We are focal points within an intricate web of becoming, caught in forces we cannot see or touch, but know only by their behavior.
The threads of awareness between the one and the many are often beyond the horizons of our perceptions - but not beyond our knowing.
We can know them by changing our interval of awareness, seeing changes over longer or shorter intervals of time.
As we alter our interval of awareness we begin to see the intercommunications between the beings around us. These interactions are worth seeing. They are the forces of nature manifesting each being, all change, and every direction. To know them is to grasp the fundamentals of life.
Two 1/5000th of a second photographs taken five minutes apart show remarkable changes in a cuttlefish's form, texture and color as it moves through its domain on a Solomon Islands coral reef.
Although the photographs show more detail than I saw as I swam after the creature, they do not provide an accurate representation of either the cuttlefish or the chase. The cuttlefish was constantly changing its position, shape, and color during the event. Pictures taken at other moments would have shown a much different animal in different settings.
A motion picture would yield a more representative likeness of the creature's real biological form and movement but would actually be a series of still photographs projected at 1/25th of a second on a screen. Because the human interval of awareness is about 1/16th of a second, the projected still images would seem to be a continuous, flowing movement. It would seem real, but familiar, within our normal horizons of perception.

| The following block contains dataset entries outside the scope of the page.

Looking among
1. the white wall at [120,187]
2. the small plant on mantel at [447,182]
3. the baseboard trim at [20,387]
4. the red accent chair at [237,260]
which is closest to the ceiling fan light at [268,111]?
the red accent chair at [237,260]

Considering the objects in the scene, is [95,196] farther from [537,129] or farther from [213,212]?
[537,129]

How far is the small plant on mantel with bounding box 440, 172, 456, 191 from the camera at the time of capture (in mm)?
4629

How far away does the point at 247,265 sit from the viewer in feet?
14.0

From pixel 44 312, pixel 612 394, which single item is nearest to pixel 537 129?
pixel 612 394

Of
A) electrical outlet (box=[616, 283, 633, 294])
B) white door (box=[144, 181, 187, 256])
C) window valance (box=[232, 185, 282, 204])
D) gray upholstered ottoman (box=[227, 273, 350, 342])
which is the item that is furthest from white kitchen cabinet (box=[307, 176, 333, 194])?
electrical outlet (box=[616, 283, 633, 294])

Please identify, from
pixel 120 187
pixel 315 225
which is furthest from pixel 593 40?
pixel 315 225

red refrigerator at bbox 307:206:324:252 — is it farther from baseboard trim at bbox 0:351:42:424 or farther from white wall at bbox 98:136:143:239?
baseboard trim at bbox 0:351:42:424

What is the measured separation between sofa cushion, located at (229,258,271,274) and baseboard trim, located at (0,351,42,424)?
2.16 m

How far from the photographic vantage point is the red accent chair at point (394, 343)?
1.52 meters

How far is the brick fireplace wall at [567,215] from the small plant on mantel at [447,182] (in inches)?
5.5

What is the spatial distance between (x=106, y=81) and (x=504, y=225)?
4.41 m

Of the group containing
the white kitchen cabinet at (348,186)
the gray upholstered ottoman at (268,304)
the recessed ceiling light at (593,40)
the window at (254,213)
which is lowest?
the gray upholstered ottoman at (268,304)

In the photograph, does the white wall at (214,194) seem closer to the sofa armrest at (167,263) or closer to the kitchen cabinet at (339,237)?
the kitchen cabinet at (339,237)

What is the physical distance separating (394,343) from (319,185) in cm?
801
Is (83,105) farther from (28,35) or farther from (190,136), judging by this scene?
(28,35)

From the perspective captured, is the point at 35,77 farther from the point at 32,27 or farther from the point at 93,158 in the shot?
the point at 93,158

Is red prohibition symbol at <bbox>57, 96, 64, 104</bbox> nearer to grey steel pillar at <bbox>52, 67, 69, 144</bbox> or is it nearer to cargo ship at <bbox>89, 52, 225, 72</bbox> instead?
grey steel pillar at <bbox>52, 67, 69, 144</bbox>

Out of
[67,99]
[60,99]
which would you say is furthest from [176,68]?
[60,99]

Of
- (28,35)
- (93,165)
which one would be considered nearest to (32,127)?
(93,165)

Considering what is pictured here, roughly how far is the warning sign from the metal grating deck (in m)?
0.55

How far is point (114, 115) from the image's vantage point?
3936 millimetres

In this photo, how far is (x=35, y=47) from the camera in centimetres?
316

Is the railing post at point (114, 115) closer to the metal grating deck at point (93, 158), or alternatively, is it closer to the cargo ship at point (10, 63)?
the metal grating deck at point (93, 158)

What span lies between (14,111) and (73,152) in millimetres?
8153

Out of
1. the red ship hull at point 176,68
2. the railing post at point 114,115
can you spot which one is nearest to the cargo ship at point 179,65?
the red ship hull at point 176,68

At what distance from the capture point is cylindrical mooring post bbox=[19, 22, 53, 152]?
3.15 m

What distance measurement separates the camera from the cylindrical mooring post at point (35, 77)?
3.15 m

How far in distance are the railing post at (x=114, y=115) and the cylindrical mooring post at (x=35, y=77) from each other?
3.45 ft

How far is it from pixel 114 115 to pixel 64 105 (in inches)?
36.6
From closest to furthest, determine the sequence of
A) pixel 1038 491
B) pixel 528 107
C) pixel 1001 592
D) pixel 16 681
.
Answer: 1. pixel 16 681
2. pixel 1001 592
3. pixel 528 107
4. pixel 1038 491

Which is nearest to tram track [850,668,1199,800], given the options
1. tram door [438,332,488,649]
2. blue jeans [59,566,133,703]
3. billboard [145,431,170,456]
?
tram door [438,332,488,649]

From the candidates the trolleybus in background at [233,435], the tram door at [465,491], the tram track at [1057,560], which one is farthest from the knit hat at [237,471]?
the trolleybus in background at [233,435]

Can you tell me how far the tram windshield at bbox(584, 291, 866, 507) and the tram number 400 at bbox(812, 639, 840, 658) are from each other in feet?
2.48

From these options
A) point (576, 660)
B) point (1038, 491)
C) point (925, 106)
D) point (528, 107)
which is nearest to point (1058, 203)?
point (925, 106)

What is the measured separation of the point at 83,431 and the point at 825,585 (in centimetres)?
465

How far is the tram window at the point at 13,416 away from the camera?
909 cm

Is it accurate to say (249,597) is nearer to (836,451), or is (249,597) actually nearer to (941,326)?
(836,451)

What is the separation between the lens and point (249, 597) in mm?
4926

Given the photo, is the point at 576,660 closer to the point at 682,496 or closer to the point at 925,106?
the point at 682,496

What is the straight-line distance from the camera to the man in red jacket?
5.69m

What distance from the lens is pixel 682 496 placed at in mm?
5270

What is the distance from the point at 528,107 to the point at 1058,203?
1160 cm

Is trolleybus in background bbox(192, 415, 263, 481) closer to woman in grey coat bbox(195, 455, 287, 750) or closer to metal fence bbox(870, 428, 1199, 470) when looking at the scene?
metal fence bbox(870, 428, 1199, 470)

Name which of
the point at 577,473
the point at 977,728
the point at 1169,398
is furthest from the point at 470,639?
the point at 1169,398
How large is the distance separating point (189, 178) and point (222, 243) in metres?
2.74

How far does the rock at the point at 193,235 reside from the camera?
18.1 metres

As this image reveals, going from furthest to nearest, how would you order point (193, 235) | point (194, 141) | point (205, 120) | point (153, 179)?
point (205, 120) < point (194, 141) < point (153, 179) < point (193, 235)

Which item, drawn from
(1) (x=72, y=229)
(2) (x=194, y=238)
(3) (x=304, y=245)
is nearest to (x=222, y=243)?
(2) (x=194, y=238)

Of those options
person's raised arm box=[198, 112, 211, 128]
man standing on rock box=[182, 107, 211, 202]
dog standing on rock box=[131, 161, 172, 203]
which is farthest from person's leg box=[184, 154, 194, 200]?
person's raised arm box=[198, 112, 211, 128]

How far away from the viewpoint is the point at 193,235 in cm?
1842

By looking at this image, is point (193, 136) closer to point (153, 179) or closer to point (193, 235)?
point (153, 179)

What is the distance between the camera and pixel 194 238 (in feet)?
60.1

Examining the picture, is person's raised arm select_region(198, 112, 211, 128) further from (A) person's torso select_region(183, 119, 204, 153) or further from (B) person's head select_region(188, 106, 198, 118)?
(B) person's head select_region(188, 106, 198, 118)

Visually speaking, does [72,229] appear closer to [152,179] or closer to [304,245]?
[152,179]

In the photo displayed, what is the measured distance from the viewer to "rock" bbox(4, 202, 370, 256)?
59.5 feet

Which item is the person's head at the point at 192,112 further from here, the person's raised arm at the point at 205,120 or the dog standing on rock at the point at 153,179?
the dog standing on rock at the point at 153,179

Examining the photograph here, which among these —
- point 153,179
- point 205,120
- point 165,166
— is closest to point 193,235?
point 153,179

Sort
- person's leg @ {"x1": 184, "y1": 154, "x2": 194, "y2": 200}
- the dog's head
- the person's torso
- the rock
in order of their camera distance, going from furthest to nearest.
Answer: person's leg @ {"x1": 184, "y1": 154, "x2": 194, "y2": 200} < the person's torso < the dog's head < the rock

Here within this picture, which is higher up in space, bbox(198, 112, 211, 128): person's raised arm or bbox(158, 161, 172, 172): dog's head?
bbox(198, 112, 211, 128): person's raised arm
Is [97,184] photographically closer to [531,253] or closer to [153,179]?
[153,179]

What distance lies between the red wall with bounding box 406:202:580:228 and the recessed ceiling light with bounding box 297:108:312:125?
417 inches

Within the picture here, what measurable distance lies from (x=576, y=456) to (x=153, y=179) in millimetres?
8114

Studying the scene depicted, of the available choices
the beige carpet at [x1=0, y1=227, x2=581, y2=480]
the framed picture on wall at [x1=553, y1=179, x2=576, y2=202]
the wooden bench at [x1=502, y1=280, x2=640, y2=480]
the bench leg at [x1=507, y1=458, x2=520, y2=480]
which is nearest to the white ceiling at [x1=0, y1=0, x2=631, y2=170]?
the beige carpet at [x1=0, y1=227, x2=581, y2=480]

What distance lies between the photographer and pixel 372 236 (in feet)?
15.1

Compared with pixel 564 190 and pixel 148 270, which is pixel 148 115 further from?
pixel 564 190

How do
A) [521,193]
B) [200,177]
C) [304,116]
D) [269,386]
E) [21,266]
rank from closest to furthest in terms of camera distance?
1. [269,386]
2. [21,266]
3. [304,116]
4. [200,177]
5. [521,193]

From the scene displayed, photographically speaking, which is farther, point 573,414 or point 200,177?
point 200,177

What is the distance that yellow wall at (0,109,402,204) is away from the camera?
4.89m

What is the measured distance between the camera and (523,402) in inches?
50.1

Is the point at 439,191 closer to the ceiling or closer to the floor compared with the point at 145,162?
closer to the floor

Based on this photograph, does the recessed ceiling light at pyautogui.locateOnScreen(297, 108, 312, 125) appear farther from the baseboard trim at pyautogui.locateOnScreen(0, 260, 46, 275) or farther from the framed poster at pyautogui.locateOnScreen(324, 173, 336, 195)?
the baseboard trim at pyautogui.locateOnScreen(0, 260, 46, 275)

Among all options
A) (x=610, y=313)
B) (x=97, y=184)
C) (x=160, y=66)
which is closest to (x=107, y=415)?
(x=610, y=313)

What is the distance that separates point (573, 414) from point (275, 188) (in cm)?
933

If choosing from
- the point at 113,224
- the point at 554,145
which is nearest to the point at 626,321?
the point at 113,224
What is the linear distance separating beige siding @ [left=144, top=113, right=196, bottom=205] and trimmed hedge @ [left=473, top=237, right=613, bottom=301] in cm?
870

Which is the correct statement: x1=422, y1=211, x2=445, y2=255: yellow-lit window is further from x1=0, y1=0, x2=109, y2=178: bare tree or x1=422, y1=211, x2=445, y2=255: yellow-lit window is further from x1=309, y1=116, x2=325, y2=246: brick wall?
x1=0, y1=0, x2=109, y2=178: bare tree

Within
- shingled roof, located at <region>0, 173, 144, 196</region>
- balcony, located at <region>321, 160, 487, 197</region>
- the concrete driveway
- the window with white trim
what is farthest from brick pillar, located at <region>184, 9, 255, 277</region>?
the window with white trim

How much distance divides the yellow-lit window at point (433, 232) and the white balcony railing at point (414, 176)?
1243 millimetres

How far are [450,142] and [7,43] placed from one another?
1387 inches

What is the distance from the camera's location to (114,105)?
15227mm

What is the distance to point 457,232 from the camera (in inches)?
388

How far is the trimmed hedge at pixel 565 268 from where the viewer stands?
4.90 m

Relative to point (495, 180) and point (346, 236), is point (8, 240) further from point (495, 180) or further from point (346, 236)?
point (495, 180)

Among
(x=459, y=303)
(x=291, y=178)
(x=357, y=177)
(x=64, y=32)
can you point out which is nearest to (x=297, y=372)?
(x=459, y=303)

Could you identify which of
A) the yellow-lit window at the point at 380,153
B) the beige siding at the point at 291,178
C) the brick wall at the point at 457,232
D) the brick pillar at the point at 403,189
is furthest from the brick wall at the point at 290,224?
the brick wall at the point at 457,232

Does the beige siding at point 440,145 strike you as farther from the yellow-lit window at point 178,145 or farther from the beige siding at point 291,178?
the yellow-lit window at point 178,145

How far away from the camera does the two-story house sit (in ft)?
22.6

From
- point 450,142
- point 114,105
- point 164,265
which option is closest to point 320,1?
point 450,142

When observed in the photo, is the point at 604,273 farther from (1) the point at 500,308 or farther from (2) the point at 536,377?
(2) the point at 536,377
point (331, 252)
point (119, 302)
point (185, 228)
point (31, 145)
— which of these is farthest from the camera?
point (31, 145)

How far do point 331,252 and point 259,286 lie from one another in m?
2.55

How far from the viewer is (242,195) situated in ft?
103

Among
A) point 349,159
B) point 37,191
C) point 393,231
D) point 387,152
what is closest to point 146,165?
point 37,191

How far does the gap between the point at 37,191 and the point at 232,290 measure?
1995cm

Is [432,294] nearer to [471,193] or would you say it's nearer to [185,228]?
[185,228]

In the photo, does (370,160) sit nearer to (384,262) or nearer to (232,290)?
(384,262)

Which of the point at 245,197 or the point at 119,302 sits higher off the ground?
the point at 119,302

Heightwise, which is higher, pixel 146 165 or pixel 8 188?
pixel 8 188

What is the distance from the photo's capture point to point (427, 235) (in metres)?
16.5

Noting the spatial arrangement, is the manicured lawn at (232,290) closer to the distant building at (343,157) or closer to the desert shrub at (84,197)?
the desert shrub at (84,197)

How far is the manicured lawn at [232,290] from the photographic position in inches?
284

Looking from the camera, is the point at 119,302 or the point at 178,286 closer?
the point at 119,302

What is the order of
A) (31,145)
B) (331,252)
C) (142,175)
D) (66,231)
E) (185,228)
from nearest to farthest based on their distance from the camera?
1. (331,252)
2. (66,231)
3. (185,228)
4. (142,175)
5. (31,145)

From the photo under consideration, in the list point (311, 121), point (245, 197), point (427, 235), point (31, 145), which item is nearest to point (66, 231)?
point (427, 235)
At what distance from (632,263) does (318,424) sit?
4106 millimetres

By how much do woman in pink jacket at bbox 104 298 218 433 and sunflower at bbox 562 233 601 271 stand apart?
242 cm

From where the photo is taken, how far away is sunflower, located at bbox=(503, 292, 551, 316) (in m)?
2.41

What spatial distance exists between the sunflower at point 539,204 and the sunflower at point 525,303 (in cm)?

Suppose we saw the event from a longer interval of awareness.
If we could somehow see the trajectory and changes of the cuttlefish over the entire five minute interval, the animal would be a tube-shaped behavior zone threading through the sea over the reef.
The tube would change density, texture and color as it came near the coral, twisted over the sand and finally dwindled into the distance in deep water. Its shape would reflect the interaction of the awareness and movements of both the cuttlefish and myself as we responded to each other.
If we could record the cuttlefish's behavior over its life span, the shape of the being would be a web of tunnels through the sea where it habitually hunted for food, sex, safety and competitors.
We can think of this extended interval of behavior as a communication web created as information flows through the thread of awareness of the cuttlefish, controling its size, shape, speed and direction of movement.